Ya más tranquilo me acordé del otro tipo, el del precinto. Seguramente ya se estaba preocupando de que el jefe no regresara. Verifiqué las balas de la pistola y me dirigí al punto de partida para sorprenderlo. Mientras caminaba pensaba en todo lo que me hubiera gustado decirle al jefe, todo había sucedido tan rápido que perdí la oportunidad de verlo humillado y rogando por que lo perdonara. Fue un accionar puramente defensivo, pero, aunque satisfactoriamente violento, no se trató de una venganza. Aun así, me consolé pensando en que una vez que tuviera al del precinto desarmado y de rodillas, podría verlo llorar suplicando por su vida.
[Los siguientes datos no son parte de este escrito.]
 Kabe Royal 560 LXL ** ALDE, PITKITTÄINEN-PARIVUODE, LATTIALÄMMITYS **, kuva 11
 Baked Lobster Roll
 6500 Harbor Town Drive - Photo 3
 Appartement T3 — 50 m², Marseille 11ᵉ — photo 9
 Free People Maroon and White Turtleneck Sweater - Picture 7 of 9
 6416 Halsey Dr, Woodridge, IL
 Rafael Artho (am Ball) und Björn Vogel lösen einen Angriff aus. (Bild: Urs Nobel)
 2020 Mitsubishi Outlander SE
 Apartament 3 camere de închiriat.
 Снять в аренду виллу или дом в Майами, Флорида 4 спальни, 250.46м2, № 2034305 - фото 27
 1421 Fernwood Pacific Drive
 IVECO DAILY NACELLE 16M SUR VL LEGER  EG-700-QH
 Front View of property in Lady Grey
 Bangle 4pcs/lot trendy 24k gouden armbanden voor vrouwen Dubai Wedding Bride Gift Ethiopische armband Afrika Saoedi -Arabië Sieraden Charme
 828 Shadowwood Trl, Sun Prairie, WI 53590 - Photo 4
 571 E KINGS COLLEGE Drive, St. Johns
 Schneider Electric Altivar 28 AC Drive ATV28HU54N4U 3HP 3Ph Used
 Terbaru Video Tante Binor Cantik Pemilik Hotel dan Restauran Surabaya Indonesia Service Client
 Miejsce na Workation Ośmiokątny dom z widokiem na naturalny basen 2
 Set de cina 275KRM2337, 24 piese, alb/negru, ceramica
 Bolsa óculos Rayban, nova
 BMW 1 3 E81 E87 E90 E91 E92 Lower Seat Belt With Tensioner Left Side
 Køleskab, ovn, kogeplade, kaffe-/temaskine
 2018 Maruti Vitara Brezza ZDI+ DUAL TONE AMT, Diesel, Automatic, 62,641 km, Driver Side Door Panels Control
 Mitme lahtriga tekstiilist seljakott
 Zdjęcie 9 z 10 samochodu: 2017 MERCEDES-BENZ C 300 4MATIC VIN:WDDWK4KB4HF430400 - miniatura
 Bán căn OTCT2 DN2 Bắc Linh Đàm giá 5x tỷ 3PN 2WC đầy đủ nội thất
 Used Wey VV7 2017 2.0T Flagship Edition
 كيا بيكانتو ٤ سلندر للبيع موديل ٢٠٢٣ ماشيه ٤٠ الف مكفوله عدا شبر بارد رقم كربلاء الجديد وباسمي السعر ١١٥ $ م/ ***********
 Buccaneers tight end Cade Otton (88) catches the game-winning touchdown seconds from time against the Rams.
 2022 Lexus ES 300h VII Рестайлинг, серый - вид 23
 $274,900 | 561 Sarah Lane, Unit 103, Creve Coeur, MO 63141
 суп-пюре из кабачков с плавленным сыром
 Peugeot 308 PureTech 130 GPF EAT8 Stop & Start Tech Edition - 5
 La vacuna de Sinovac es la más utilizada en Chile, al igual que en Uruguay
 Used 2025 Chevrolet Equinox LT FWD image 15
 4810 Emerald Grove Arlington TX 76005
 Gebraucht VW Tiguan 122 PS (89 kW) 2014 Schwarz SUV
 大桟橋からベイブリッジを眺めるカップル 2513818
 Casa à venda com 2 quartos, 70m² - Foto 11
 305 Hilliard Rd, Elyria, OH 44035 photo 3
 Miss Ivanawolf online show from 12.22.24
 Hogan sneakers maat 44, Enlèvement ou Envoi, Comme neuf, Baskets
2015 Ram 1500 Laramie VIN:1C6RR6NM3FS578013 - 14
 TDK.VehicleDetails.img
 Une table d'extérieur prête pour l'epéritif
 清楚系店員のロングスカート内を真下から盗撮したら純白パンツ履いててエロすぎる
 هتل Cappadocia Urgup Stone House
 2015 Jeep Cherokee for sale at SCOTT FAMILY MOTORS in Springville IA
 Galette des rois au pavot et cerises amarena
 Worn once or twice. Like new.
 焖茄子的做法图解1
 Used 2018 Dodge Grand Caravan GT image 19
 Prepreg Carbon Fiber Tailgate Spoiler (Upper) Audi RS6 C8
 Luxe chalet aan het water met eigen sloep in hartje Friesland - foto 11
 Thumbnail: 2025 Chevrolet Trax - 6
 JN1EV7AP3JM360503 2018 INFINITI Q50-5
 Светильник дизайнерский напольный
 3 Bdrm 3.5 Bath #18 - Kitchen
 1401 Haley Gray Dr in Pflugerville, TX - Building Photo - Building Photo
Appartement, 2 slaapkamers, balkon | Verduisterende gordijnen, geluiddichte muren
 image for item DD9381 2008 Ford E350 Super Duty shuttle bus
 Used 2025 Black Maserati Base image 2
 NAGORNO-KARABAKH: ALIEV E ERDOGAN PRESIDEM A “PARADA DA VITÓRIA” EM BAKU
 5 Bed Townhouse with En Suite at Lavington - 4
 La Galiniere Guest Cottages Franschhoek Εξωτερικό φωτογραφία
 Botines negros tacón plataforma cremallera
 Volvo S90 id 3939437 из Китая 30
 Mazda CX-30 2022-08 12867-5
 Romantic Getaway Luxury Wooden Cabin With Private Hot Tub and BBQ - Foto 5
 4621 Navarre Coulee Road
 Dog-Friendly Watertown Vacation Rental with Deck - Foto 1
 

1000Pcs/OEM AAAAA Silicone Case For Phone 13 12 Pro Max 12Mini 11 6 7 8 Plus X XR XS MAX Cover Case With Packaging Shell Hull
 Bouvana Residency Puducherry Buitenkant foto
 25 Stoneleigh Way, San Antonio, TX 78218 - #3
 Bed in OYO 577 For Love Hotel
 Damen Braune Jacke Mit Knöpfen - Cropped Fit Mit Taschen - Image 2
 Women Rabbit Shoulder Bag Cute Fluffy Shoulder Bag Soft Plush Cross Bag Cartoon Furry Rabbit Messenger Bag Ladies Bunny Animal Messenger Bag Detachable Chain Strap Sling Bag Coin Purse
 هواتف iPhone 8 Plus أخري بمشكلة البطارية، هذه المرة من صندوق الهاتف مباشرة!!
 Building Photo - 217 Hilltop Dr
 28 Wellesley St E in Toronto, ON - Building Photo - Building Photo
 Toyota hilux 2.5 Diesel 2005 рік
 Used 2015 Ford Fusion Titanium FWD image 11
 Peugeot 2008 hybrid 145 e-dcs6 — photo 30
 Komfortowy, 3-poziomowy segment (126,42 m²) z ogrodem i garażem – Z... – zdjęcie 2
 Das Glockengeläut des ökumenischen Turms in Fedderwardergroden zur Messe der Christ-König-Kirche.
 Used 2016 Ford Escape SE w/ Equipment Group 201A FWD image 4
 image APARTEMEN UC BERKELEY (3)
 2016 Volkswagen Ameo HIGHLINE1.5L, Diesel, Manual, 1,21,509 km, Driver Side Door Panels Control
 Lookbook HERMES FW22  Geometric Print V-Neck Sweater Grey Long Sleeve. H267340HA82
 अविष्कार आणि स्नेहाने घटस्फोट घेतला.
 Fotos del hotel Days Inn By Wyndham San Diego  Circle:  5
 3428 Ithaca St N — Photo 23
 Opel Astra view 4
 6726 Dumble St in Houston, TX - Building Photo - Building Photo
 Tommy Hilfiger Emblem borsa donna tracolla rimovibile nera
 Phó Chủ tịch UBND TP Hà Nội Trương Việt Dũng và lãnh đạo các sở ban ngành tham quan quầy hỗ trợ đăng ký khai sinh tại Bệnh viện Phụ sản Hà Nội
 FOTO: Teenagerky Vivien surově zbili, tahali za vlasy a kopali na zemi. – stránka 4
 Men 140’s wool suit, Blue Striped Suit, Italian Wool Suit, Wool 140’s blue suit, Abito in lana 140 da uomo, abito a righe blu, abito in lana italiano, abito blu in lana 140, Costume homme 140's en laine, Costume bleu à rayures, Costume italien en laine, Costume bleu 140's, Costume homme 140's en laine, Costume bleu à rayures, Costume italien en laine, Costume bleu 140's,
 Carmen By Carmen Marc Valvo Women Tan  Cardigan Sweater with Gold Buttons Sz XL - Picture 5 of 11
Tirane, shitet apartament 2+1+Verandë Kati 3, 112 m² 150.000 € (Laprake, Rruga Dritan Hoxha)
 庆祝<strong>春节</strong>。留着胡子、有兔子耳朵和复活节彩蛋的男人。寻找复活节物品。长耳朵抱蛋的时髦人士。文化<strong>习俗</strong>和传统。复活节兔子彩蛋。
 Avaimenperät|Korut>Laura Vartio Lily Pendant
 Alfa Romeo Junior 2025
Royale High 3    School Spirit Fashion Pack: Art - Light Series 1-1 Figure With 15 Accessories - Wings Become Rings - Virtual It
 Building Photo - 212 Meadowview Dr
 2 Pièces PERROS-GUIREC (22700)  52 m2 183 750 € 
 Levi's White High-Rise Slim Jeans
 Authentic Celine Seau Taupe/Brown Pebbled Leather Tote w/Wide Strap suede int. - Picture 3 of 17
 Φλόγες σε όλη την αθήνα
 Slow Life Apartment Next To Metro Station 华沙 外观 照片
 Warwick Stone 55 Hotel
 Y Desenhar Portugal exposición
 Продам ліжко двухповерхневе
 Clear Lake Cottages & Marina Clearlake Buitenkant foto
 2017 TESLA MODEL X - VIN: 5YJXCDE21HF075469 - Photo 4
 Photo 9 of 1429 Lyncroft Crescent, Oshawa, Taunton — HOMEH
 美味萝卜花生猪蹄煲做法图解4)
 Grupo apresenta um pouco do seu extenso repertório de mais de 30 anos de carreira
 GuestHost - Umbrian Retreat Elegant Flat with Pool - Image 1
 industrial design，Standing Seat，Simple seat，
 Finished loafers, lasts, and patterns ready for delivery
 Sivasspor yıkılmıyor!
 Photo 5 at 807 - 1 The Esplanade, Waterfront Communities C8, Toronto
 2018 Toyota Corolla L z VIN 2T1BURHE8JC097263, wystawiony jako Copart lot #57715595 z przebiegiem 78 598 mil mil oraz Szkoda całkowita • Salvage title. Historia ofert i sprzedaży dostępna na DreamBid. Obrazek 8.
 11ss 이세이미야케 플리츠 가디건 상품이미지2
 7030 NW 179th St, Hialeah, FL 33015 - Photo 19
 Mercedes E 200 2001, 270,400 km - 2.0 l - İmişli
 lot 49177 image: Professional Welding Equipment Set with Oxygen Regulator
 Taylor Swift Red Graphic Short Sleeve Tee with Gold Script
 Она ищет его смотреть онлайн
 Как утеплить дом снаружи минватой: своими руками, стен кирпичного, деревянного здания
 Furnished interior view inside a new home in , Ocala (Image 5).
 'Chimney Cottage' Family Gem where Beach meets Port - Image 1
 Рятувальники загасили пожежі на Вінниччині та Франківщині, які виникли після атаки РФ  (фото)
Llegué y no lo encontré. Las puertas del auto estaban abiertas y la llave puesta, como esperándome. Ni rastros de mi antiguo compañero. Busqué, pero nada. Pensé en meterme al bosque para ver si estaba ahí, pero no lo hice. Tenía mucho que hacer ahora. Estaba vivo y tenía que pensar en cómo iba a mantener ese status. Subí al auto, metí el arma en la guantera y me alejé de esa hermosa naturaleza. En el camino fui desarrollando una teoría sobre lo que pasó con el del precinto y de cómo me había logrado escapar. Seguí alimentando esa teoría durante mucho tiempo.

 

El del precinto cambió durante estas décadas. De la abundante cabellera conserva unas pocas canas, echó panza y los años le arrugaron la cara. De todas formas, lo reconocí en seguida. Me pasaron el dato de su paradero y pude dar sin dificultades con él. Vive en una cabaña en las montañas: un hogar precioso, de esos que mantienen siempre olor a cedro recién cortado. Por todos lados hay fotos de sus nietos. Antes de llegar me aseguré de que su mujer no estuviera: tiene para media hora en la iglesia y otros veinte minutos de viaje desde el pueblo. Yo por mi parte también cambié. En todos estos años gocé de buena salud, disfruté de la vida, la sufrí, dejé muchos malos hábitos y adquirí otros, trabajé mucho y también descansé, me enamoré muchas veces, amé, odié, tuve familia, perdí gente, demasiada. Ahora, a esta edad, estoy jubilado de casi todo. Me he replanteado muchas cosas y trato de atar cabos ya que se acerca el crepúsculo de mi vida. Por eso estoy acá hoy. Claro que no entro en detalles con el del precinto, a quien le estoy apuntando con mi pistola desde hace un rato. Es que ando un poco escaso de tiempo y, reconozco, todavía no se bien que es lo que tengo pensado hacer. Lo dejo hablar y lo escucho mientras me cuenta de su vida, sus nietos, la organización y como se salió de ella. Me explica lo que yo había deducido muchos años atrás: él lo quería al jefe muerto, pero no se animó a tomar el riesgo, así que le siguió la corriente en todo y esperó que, al limar el precinto que me puso, yo pudiera escapar y resolver todo el asunto. Dejó que me fuera en el auto y se disparó en la pierna para que todos creyeran su historia y es por eso que hasta el día de hoy usa bastón. El plan funcionó, y en parte, estoy agradecido porque estoy vivo gracias a eso. Pero no vine hasta acá a darle las gracias. Aquel día dejó secuelas en mí. Nunca había sentido tanto miedo y humillación y por eso voy a castigarlo. Porque mi venganza no se completó matando al jefe.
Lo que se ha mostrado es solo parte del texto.